WORK ITEM:
Write out exactly the lines of the entries below from the one holding "Western Alliance Bank" to the one holding "Hillary Clinton's attempt", inclusive, and leave out all other lines.

[Brief descriptive captions]
^^^^^^^^^^^^^^^^
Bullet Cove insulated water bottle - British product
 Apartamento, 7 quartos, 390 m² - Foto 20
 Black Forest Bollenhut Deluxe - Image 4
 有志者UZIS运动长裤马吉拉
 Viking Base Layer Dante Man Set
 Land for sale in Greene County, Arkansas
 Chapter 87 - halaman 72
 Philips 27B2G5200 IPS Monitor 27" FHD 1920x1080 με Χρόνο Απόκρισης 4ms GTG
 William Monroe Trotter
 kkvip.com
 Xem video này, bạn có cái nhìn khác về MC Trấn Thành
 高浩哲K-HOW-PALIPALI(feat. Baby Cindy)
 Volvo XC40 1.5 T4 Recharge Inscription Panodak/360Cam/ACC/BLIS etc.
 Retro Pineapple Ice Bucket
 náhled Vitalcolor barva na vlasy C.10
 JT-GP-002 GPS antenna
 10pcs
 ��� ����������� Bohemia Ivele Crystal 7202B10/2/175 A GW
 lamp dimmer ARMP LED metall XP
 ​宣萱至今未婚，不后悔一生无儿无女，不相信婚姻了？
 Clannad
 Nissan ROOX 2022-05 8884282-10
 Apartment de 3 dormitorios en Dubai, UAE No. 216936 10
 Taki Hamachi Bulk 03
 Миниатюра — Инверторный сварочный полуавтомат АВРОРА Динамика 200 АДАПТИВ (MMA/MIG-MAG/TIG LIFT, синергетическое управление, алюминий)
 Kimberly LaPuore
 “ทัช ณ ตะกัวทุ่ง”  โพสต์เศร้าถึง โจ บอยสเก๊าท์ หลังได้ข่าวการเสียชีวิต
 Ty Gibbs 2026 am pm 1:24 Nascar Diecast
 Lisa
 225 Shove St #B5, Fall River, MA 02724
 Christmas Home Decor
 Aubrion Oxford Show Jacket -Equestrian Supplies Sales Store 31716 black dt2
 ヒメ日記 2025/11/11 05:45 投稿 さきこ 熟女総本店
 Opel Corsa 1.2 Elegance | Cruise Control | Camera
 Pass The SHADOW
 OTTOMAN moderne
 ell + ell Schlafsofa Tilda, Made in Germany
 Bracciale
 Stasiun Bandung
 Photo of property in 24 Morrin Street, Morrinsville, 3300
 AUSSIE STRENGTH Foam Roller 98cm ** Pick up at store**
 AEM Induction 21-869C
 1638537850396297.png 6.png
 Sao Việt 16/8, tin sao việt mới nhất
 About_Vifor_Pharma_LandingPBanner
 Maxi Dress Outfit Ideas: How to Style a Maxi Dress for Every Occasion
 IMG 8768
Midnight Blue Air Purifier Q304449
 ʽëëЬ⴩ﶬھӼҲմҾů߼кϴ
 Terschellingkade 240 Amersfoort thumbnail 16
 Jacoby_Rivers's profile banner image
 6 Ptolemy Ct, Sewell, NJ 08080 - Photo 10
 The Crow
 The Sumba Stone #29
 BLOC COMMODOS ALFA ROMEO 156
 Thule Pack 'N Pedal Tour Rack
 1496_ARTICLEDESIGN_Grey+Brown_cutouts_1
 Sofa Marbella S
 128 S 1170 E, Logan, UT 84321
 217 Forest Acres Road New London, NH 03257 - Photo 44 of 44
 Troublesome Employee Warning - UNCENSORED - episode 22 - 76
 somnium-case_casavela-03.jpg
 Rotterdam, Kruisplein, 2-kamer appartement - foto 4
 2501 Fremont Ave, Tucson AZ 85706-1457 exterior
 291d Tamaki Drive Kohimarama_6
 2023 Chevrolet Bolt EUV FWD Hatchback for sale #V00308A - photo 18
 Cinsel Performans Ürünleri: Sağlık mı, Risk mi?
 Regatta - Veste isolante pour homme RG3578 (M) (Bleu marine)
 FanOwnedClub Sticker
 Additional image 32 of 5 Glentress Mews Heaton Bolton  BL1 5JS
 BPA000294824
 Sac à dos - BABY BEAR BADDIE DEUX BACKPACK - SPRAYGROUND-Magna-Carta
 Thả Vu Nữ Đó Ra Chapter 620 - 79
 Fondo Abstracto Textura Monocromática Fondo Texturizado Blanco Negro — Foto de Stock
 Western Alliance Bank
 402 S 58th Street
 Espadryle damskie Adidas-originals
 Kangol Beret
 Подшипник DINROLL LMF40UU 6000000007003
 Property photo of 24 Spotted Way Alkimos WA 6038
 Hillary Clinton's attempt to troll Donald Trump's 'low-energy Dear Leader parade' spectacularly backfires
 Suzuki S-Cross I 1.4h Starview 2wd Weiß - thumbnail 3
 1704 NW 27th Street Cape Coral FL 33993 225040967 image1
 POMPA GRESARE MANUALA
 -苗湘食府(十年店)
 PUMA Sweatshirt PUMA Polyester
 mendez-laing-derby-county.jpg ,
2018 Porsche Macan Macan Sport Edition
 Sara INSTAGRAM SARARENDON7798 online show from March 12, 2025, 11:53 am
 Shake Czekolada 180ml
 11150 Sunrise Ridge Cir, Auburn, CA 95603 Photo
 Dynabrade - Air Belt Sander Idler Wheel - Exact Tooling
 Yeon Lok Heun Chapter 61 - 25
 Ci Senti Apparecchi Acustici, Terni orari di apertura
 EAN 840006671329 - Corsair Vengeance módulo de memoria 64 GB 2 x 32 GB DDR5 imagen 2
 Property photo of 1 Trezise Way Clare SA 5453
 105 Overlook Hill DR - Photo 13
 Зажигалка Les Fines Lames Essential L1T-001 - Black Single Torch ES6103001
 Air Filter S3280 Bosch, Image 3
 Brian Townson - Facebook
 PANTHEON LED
^^^^^^^^^^^^^^^^
RESULT OF THE EXERCISE:
 Western Alliance Bank
 402 S 58th Street
 Espadryle damskie Adidas-originals
 Kangol Beret
 Подшипник DINROLL LMF40UU 6000000007003
 Property photo of 24 Spotted Way Alkimos WA 6038
 Hillary Clinton's attempt to troll Donald Trump's 'low-energy Dear Leader parade' spectacularly backfires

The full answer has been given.